As she explained it, the market was part of Xavier’s efforts to give back to the Inwood community by offering quality products to uptown shoppers during the holidays.
“My point in doing this is giving an opportunity for local artists to showcase their work and sell quality products for people to buy over the holidays without having to go downtown,” she said.
Xavier said that the most profitable time for the studio is after the holidays, in January and February, when people sign up for yoga classes to work off the extra holiday pounds.
“People are wanting to fulfill their New Year’s resolutions,” she explained.
Loretta Jordan, an Inwood resident, was also at the market. She is a doula, a Greek term for “a woman who serves,” providing midwifery and post-partum care. This Saturday, she was in charge of a small sampling of dress shoes and ties from Jason Devereaux’s clothing line, Nostylgia, neatly arranged on a circular rack.
“We have a two-pronged approach: local businesses and national distribution,” Deveraux, the owner of Nostalygia, explained while sitting in his shop, located nine short blocks from Bread and Yoga.
Nostylgia has a fireplace feel. The shop was designed to look like an alleyway between two urban town houses, complete with a fire escape on one wall used to shelve a colorful display of cotton T-shirts. The brick interior walls are decorated with varsity trophies and clocks. Old-time detachable collars, varsity sweatshirts, and other classic wear grace the walls and shelves and vintage bikes are suspended from the ceiling. Customers are greeted by a German punch clock dating back the early twentieth century, with time cards – labeled Anwesenheitskarten in German – in the slot.
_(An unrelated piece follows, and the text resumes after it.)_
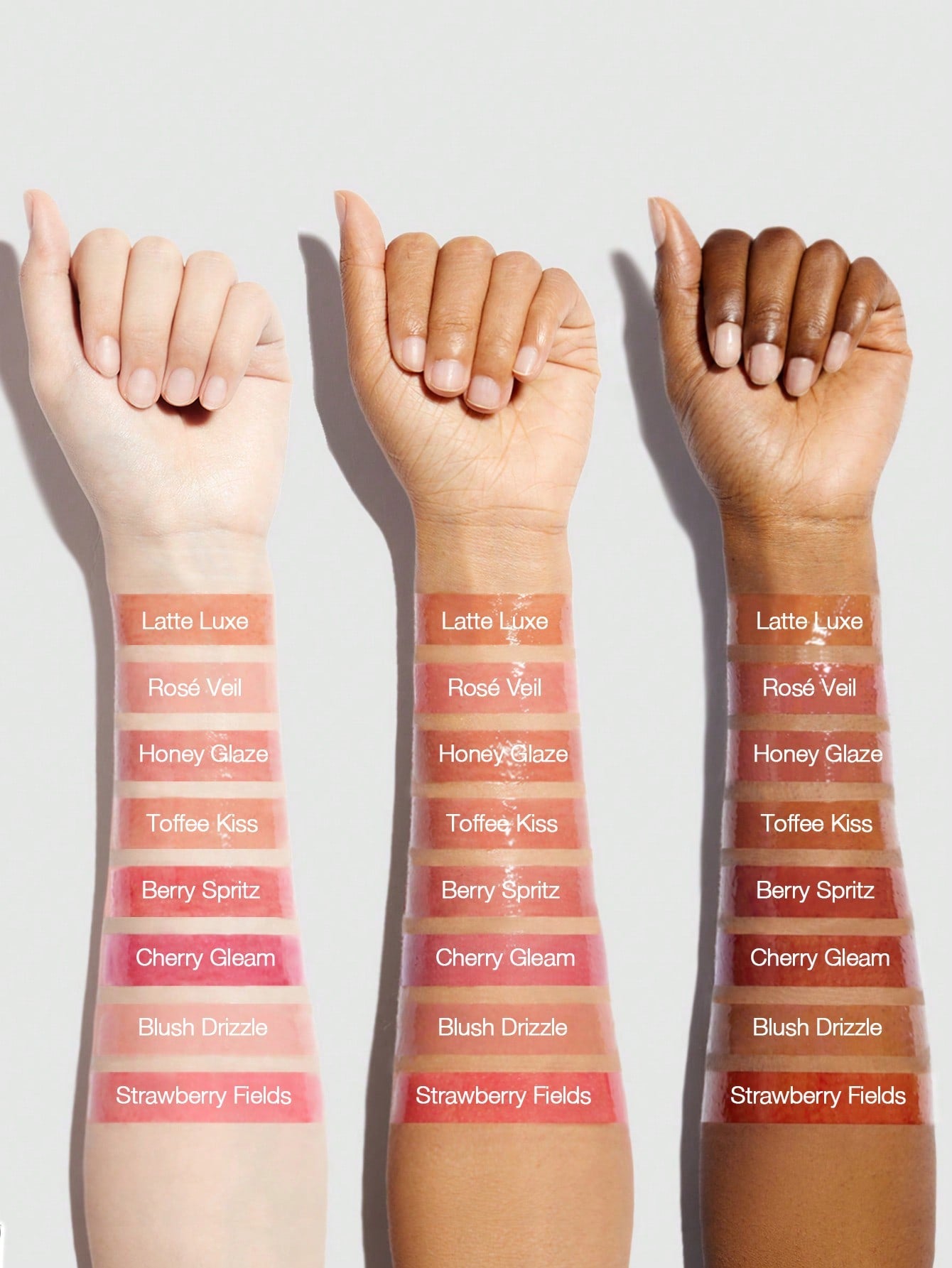 SHEGLAM Bold Booster Lip Plumper-Blush Drizzle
All the clothing is made in Upstate New York and can be described as Americana. Reminiscent of the 1950’s collegiate look, the styles hearken back to a foregone era.
“We’re trying to recapture America’s Golden Age with classical craftsmanship,” Deveraux said. “Back to a time when people bought things [meant] to last.”
Dress shirts, featuring suede elbows and graced with the store’s unobtrusive logo, are sold for $80 each. Noticeably missing were the price tags. It’s because, sometimes, explained Devereaux, he will give loyal customers a discount.
Like the Bread and Yoga Holiday Market, Devereaux too is expecting last-minute shoppers.
“Those are the kind of shoppers who buy smaller items in retail stores,” he said. “Now everyone is getting their big screen TVs at Target.”
Deveraux graduated with the Class of 2004 from New York University’s Leonard N. Stern School of Business in marketing. Even though he is doing something quite different than his classmates, who mostly “went into banking and finance,” his retail and clothing line are paying off. Since he opened his shop six and a half years ago, Deveraux has watched the Dyckman Street block near Broadway blossom from a “row of vacant, rat-infested storefronts” to a bustling neighborhood filled with restaurants and clothing stores.
Local businesses in Inwood and Washington Heights benefited immensely when the Audobon Partnership for Economic Development began providing loans from $5000 to $250,000 in 1999. The urban renewal initiative was awarded grant money from the Upper Manhattan Empowerment Zone Development Corporation.
Nostylgia is already working on next year’s fall and holiday selection, having recently partnered with a manufacturing firm. In the future, the bulk of clothing will be made in the U.S., but 30 percent of it may be made elsewhere after next year. But Deveraux sees the new partnership and some outsourcing of production as a necessary step in building a long-term, sustainable local business.
“Someday, I hope it will be economically feasible to make everything here,” he said.